WHAT YOU ARE ASKED TO DO: Reproduce the entries shown below only from the line with "Eric Page of" down to the line with "Trois personnes travaillent", keeping both end lines and copying each one exactly.

Start of INFORMATION PROVIDED

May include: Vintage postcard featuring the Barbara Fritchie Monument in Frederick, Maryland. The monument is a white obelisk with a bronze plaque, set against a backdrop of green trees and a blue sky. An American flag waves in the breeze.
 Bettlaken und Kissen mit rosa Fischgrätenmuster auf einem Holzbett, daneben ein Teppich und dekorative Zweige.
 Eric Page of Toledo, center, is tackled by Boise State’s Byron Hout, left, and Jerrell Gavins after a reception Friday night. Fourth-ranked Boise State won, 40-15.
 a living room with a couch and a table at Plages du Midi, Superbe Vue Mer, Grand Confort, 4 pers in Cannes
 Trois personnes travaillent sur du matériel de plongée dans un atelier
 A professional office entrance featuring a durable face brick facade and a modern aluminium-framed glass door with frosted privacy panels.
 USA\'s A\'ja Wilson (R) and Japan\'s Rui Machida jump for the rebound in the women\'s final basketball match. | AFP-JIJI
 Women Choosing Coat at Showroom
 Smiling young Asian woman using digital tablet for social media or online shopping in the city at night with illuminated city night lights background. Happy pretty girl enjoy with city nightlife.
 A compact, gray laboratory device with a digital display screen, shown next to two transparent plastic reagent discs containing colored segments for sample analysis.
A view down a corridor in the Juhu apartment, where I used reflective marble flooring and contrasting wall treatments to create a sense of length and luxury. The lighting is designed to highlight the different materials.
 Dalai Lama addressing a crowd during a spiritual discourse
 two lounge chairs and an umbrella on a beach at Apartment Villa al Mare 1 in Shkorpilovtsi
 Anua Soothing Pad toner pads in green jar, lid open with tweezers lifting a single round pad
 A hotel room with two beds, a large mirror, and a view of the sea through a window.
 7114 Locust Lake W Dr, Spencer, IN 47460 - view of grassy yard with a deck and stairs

End of INFORMATION PROVIDED

EXERCISE OUTPUT:
 Eric Page of Toledo, center, is tackled by Boise State’s Byron Hout, left, and Jerrell Gavins after a reception Friday night. Fourth-ranked Boise State won, 40-15.
 a living room with a couch and a table at Plages du Midi, Superbe Vue Mer, Grand Confort, 4 pers in Cannes
 Trois personnes travaillent sur du matériel de plongée dans un atelier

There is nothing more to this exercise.